The task -
Reproduce only the lines of the material below that start at the line containing "קולובז'ג Apartamenty Balticon" and stop at the line containing "เคสป้องกัน TPU +". Keep both end lines.

Input -
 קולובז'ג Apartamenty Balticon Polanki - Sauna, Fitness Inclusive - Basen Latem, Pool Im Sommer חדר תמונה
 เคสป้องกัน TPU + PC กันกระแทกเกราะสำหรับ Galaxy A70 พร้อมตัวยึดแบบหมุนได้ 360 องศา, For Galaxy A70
==
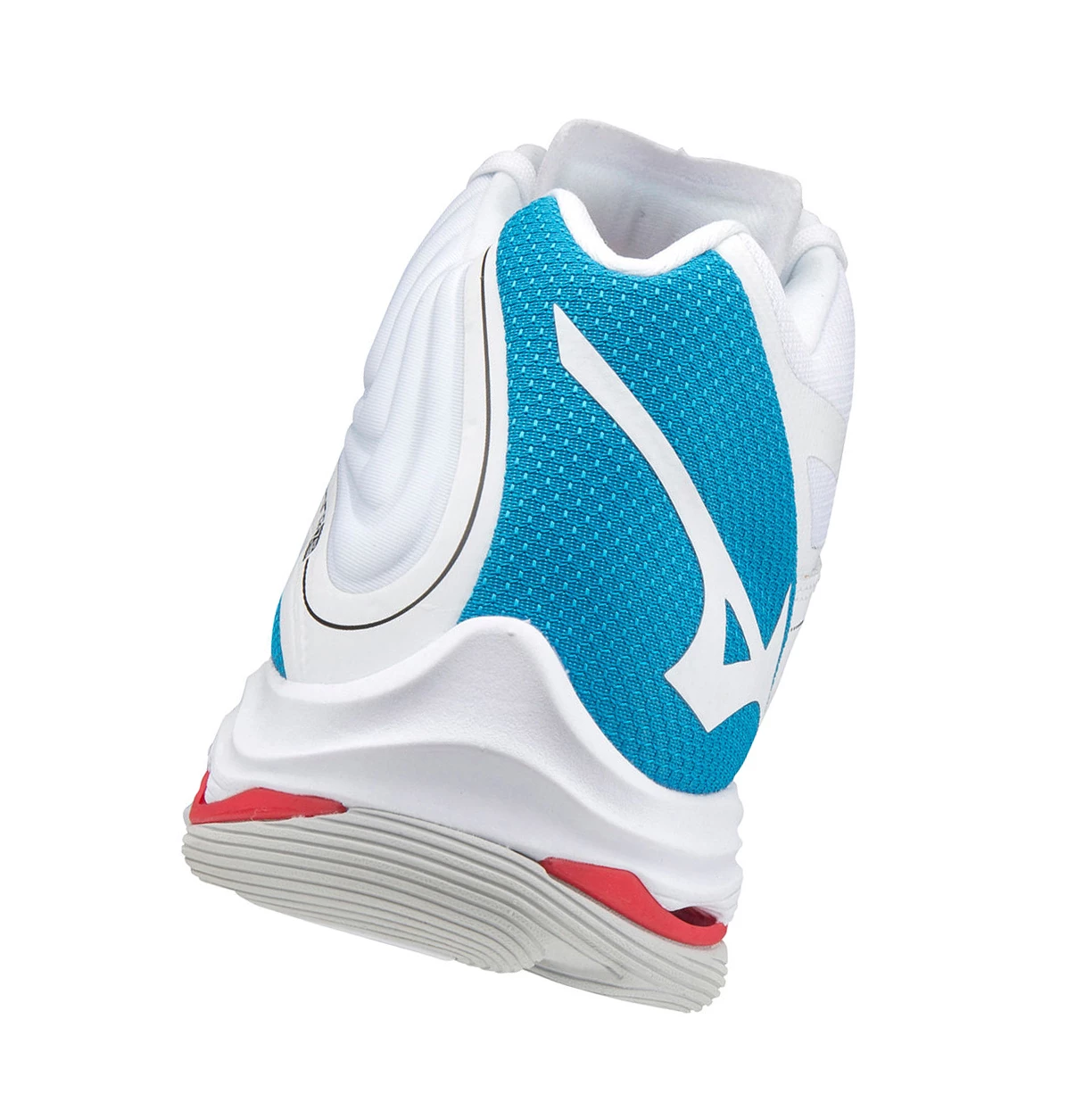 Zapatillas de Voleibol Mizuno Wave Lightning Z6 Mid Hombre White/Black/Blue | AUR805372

Written answer -
 קולובז'ג Apartamenty Balticon Polanki - Sauna, Fitness Inclusive - Basen Latem, Pool Im Sommer חדר תמונה
 เคสป้องกัน TPU + PC กันกระแทกเกราะสำหรับ Galaxy A70 พร้อมตัวยึดแบบหมุนได้ 360 องศา, For Galaxy A70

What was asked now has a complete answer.